Attaching to Processes Tips
In a typical multi-process job, you’re interested in some processes and not as much in others. By default, TotalView tries to attach to all of the processes that your program starts. If there are a lot of processes, there can be considerable overhead involved in opening and communicating with the jobs.
You can minimize this overhead by using the Attach Subset dialog box, shown in Figure 225.
Figure 225, Group > Attach Subset Dialog Box
NOTE: You can start MPI jobs in two ways. One requires that the starter program be under TotalView control and have special instrumentation for TotalView, while the other does not. In the first case, you will enter the name of the starter program on the command line. The other requires that you enter information into the File > Debug New Program or File > Debug New Parallel Program > dialog boxes. The Attach Subset command is available only if you directly name a starter program on the command line.
The Subset Attach dialog box can be launched in multiple ways. It is automatically available when you launch your job with the parallel preference set to “Ask what to do.” (See Figure 227). It is also available through other menu options after the job has been started, as discussed later in this section.
Selecting check boxes in the Attach column defines the processes to attach to. Although your program will launch all these processes, TotalView attaches only to the those you have selected.

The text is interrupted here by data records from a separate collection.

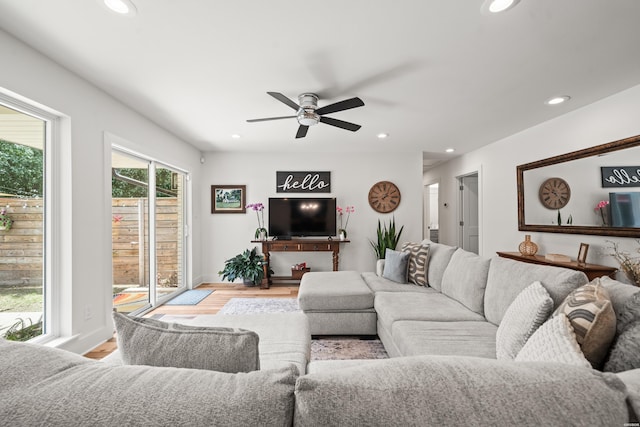 624 Ridgeway St, Hot Springs, AR 71901 - living room with recessed lighting, a ceiling fan, and light wood-type flooring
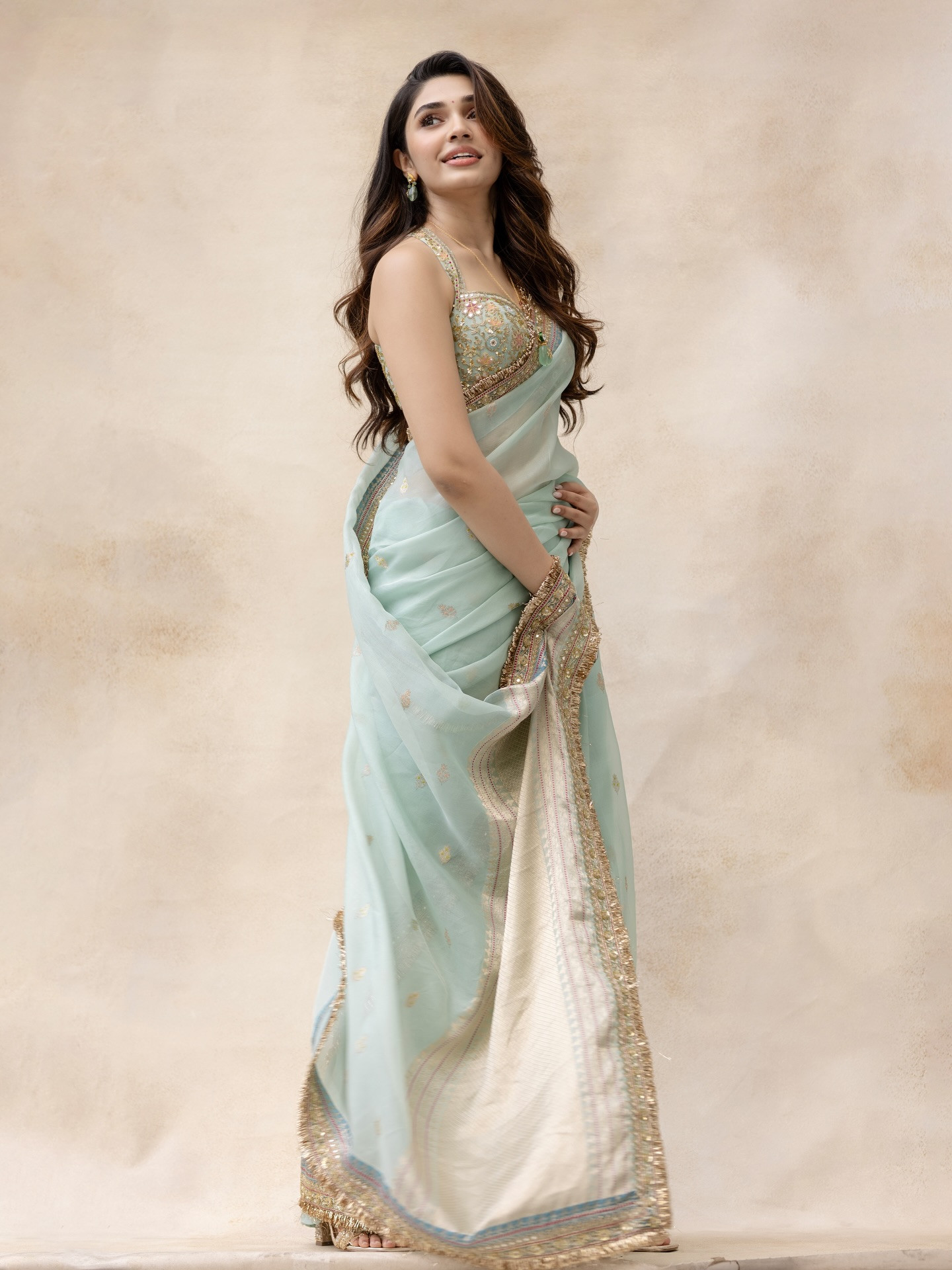 க்ரித்தி ஷெட்டி சேலையில் அழகிய போட்டோஷூட் 8 Gallery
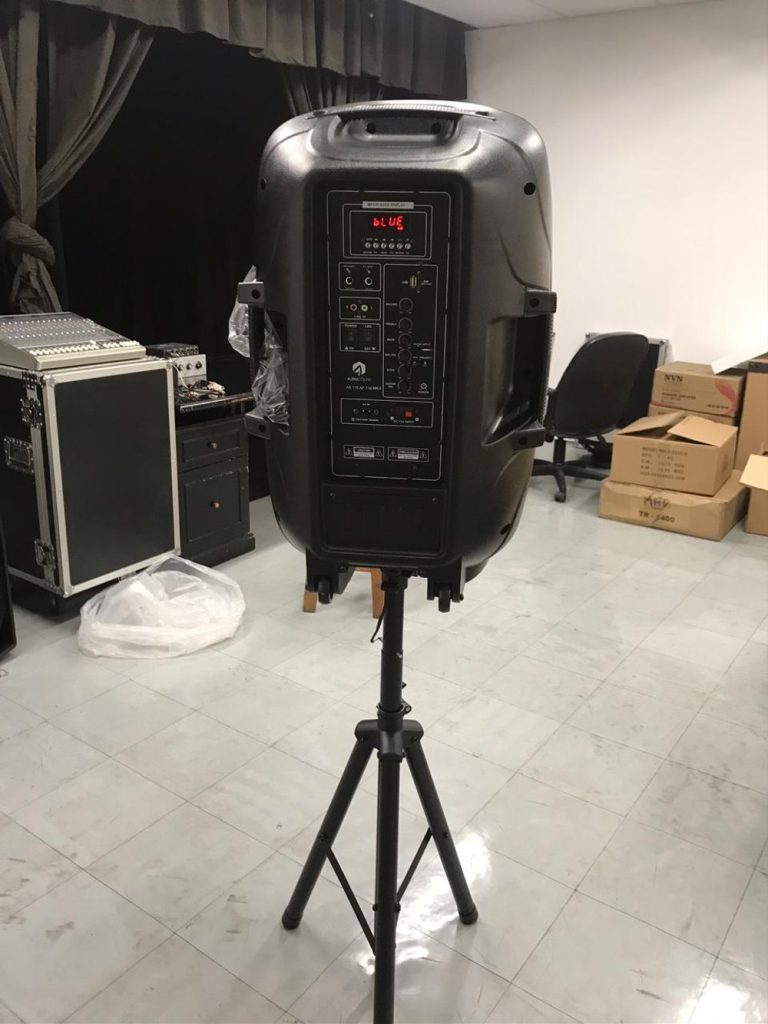 Speaker Portable 15 Inch Speaker Portable 15 Inch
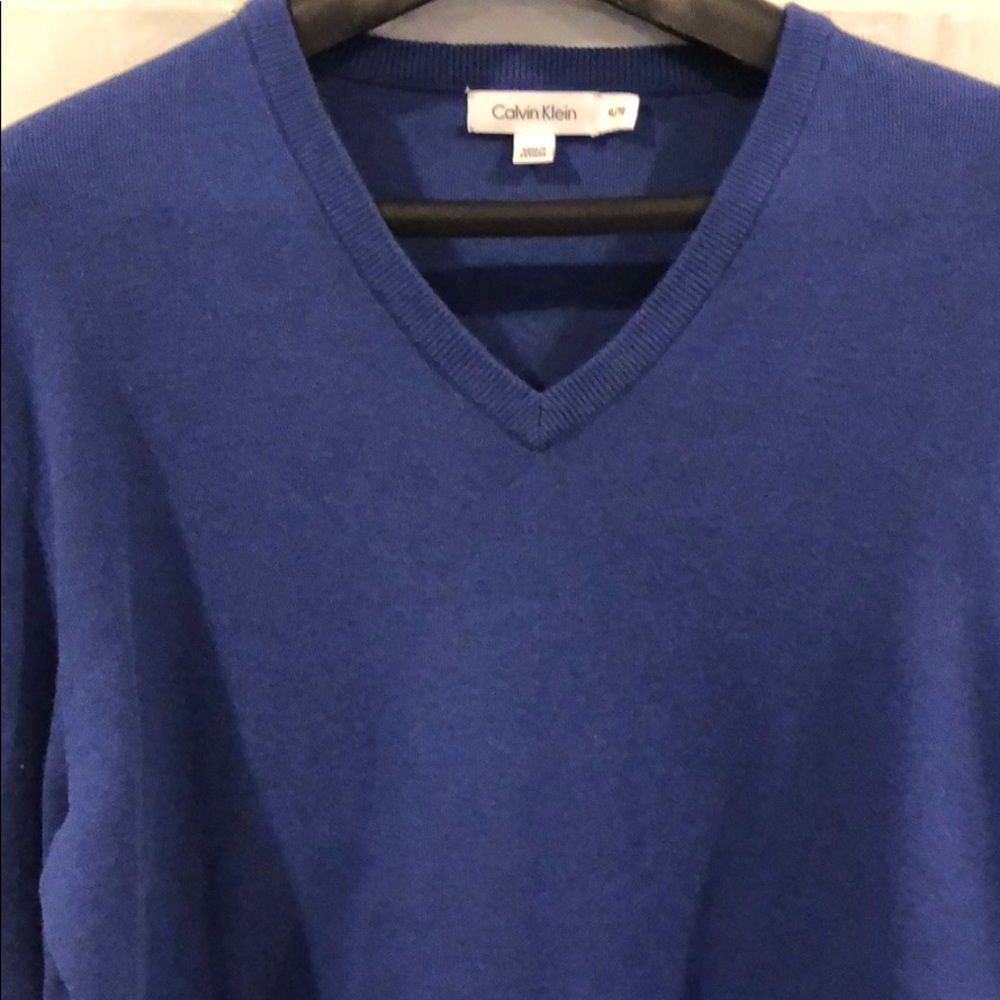 Men’s Calvin Klein sweater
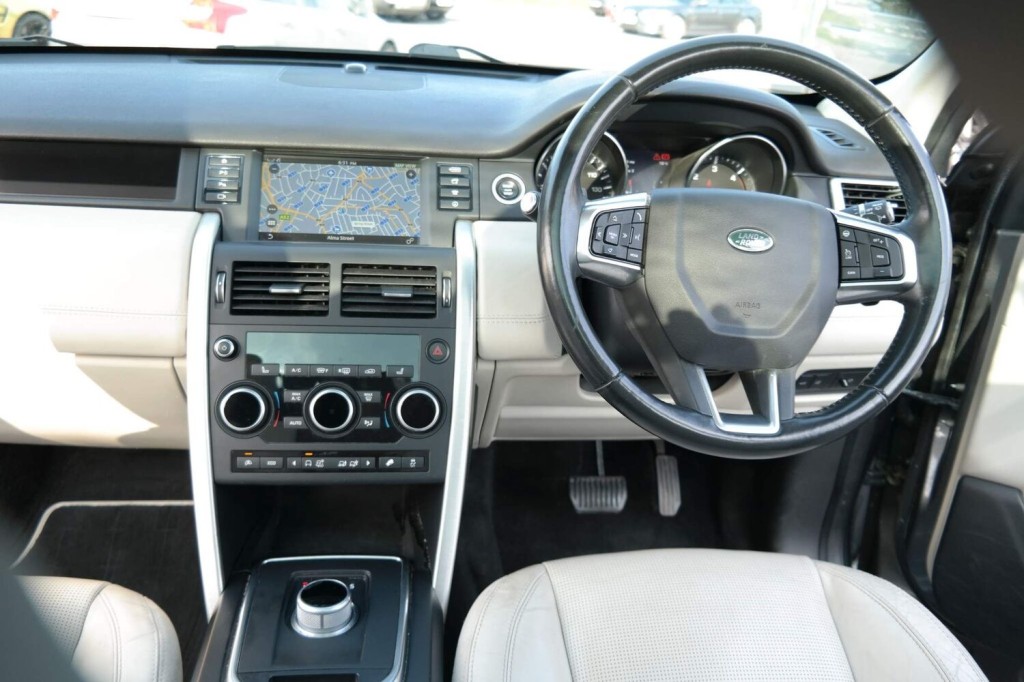 LAND ROVER DISCOVERY SPORT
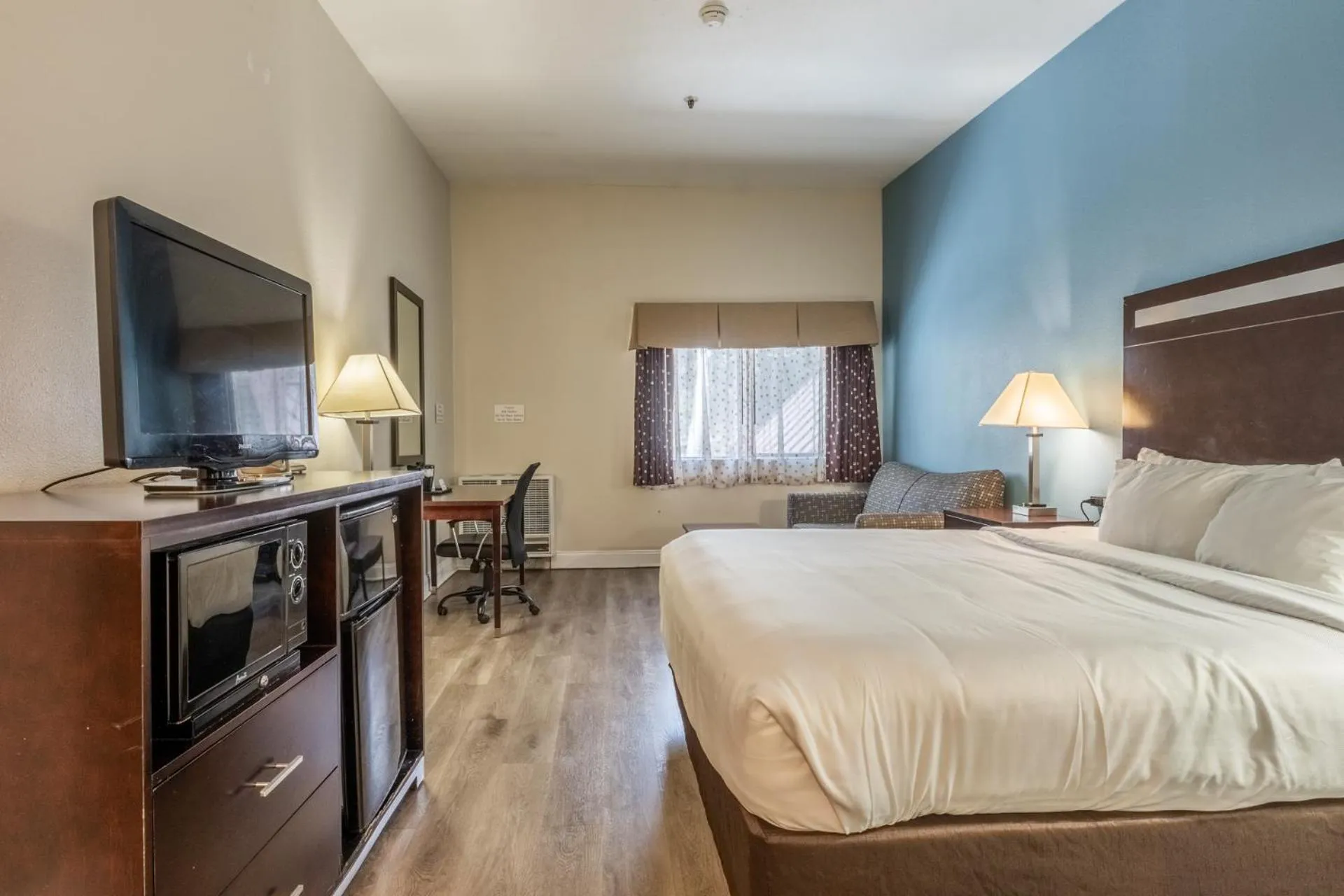 Bed in Quality Inn near Mammoth Mountain Ski Resort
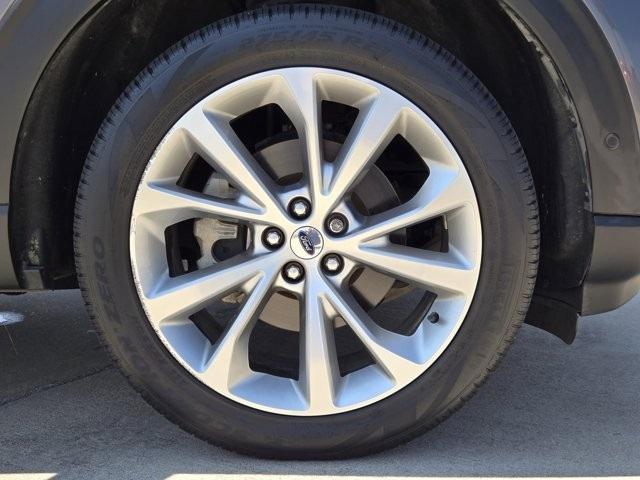 Photo of 2021 Gray Metallic Ford Explorer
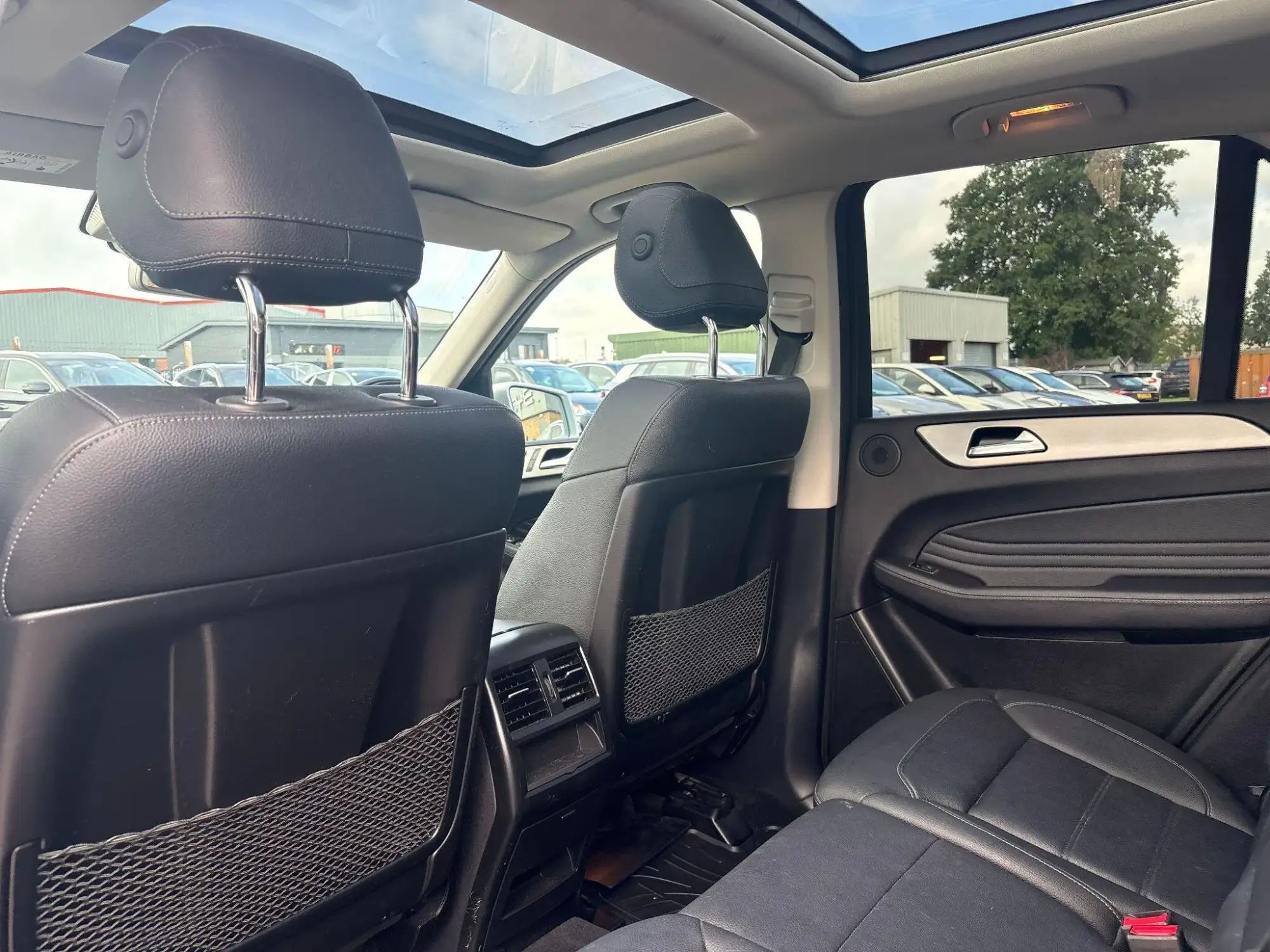 Mercedes-Benz GLE Image 19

The Attach All and Detach All buttons elect or deselect all the processes at once. You can then use the check boxes to select and deselect individual processes. For example, to attach to only a few processes in a lengthy list, use Detach All and then select those to which TotalView should attach.
The Filter controls restrict which processes are displayed; filtering is unrelated to attaching or detaching.
*The Communicator control specifies that the processes displayed must be involved with the communicators that you select. For example, if something goes wrong that involves a communicator, selecting it from the list displays only the processes that use that communicator. You can then use Attach All to attach to only those processes.
*The Talking to Rank control limits the processes displayed to those that receive messages from the indicated ranks. In addition to your rank numers, you can also select All or MPI_ANY_SOURCE.
*The Array of Ranks option is automatically selected and the array name displayed if you have invoked Tools > Attach Subset (Array of Ranks) from the Variable Window. In this case, the dialog box will only display the list of processes whose ranks match the array elements.
*The List of Ranks control allows you to enter rank numbers to filter on. Use a dash to indicate a range of ranks, and commas to indicate individual ranks. For example: 3, 10-16, 24.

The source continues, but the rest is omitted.